Too many times — all previous times — I have offered honesty only to be met with spit and fire. How many times can you bear the wrath of toxic masculinity before it becomes second nature? Before your body learns not to flinch, while your heart only knows how to itself tense. I have learnt that shining a mirror onto these rotten insides always results in flames erupting. All these burns on my tired skin. That there is no truth speaking without consequence, no naming without being ready to burn bridges. 

Today, for the very first time, was different.

I want to believe that empathy is indeed an effective response to counter these looming structures of oppression. (It’s not, I know.) I want to believe that decentering ego is a good enough first step to unlearning. During one of the fires, the only person who responded in a way that didn’t make me shrink further was someone who responded with sadness instead of rage.
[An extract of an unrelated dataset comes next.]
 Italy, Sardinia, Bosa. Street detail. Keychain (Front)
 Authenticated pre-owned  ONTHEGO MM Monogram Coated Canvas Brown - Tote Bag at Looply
Sadness that she had failed her students, instead of vitriol and senseless accusations. (See: “The students are racist for saying White professors are racist.”) Sadness is ownership, is responsibility, is relationship. Sadness is a glimpse of a turning point. 

I am learning to hold space without pushing people into corners, even when I’m hurt and angry. To extend critical compassion, to push aside my pride, to fill the space between us with an honesty that comes from care, not vengeance. To acknowledge my own pain and boundaries without any expectations of changed outcomes. To know that speaking truth into the air is enough, for now.